Not that the weeklong trip to the Gulf--funded by the UAE and Kuwait and organized by Washington's Center for Strategic and International Studies for a small group of scholars, journalists, and former and future government officials--failed to include plenty of criticism of the Bush administration, particularly in connection with Israel, Iraq, and Iran. But even the harshest critics stressed their countries' close and continuing military and economic cooperation with the United States. They also insisted that America's vital national interests aligned with theirs and were keen to cultivate the alliance on the grounds that it was vital to the long-term security and prosperity of the Gulf states and the United States.

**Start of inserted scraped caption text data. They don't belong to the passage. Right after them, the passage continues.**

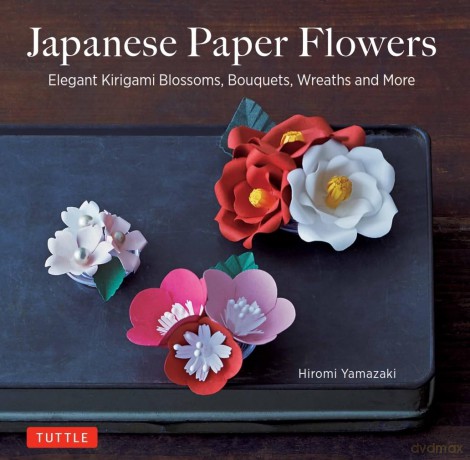 Japanese Paper Flowers: Elegant Kirigami Blossoms, Bouquets, Wreaths and More - Hiromi Yamazaki [KSIĄŻKA]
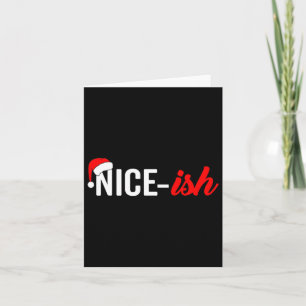 Funny Santa Hat Naughty Nice List Quote Nice-ish  Card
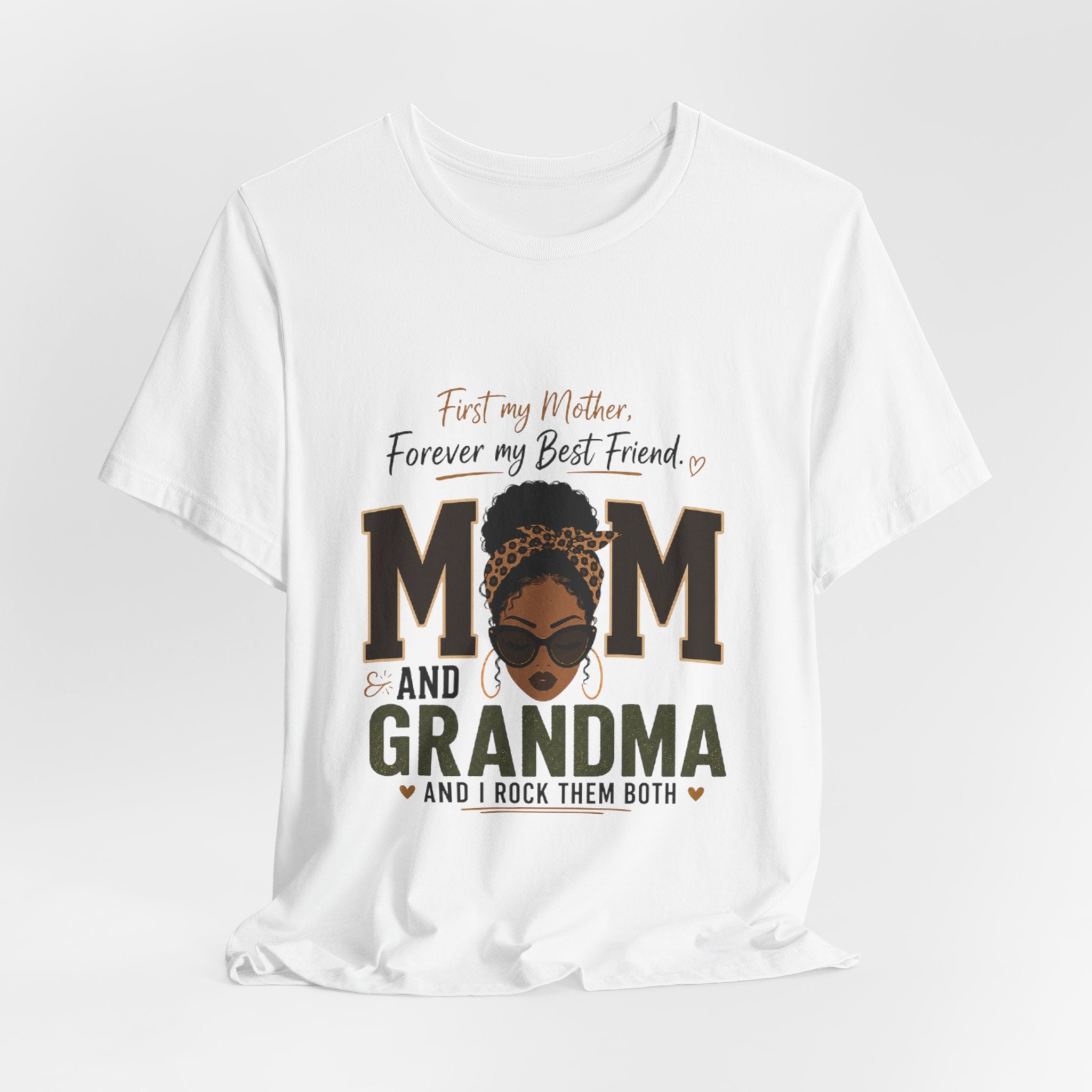 Mom and Grandma T-Shirt – "First My Mother, Forever My Best Friend" Graphic Tee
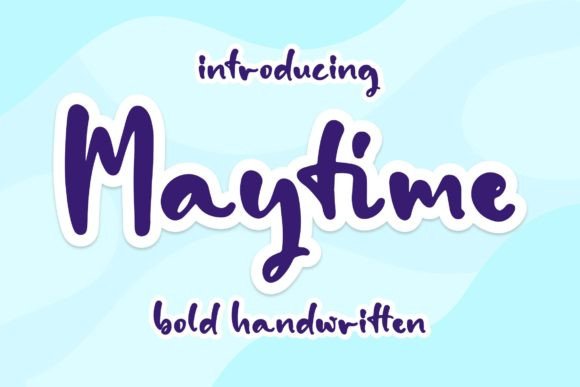 Maytime: A Bold Script Handwritten Font for Campaign Headlines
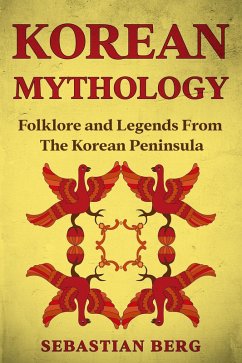 Korean Mythology: Folklore and Legends from the Korean Peninsula (eBook, ePUB) - Berg, Sebastian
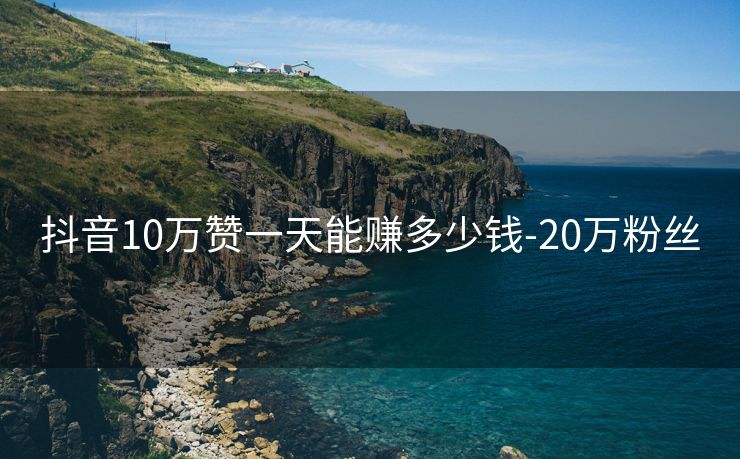 抖音10万赞一天能赚多少钱-20万粉丝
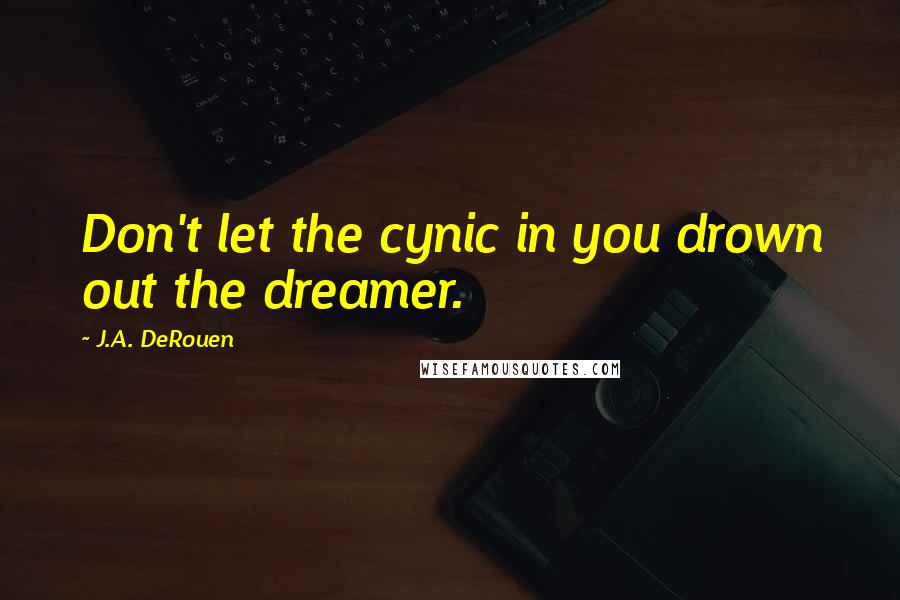 J.A. DeRouen Quotes: Don't let the cynic in you drown out the dreamer.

The UAE's and Kuwait's common orientation toward the United States stems from common geo-political circumstances. They both live in a dangerous neighborhood that, because it contains 56 percent of the world's proven oil reserves, is essential to the international economic order. The vast majority of citizens of both Kuwait and the UAE--which is composed of seven emirates, the most prominent being Abu Dhabi, the capital, and Dubai, the bustling international port--are Arab and Sunni Muslim. Both the UAE and Kuwait are harbor countries with their backs to the desert and their faces toward the sea, which means that both have seafaring and trading histories and a tradition of openness to the outside world. Both are tiny and are home to large numbers of non-nationals: The UAE has about 900,000 citizens and 3.9 million expatriates, and Kuwait has about 1.4 million citizens and 1.3 million expatriates.
Both enjoy enormous oil wealth. Kuwait owns 8 percent of the world's proven oil reserves and the UAE 7 percent. Kuwait's reserves of 104 billion barrels are the sixth largest in the world; the UAE's 98 billion barrels the seventh largest. Because of their remarkably small number of citizens--Kuwait has fewer than Phoenix and the UAE fewer than San José--they lead the world in oil per citizen: The UAE boasts about 108,000 barrels, and Kuwait more than 75,000 barrels, in proven reserves per citizen. By comparison, Saudi Arabia, despite possessing 267 billion barrels in proven oil reserves, by far the largest supply in the world, comes in a distant third: For each of its 22 million citizens, Saudi Arabia owns less than 12,000 barrels.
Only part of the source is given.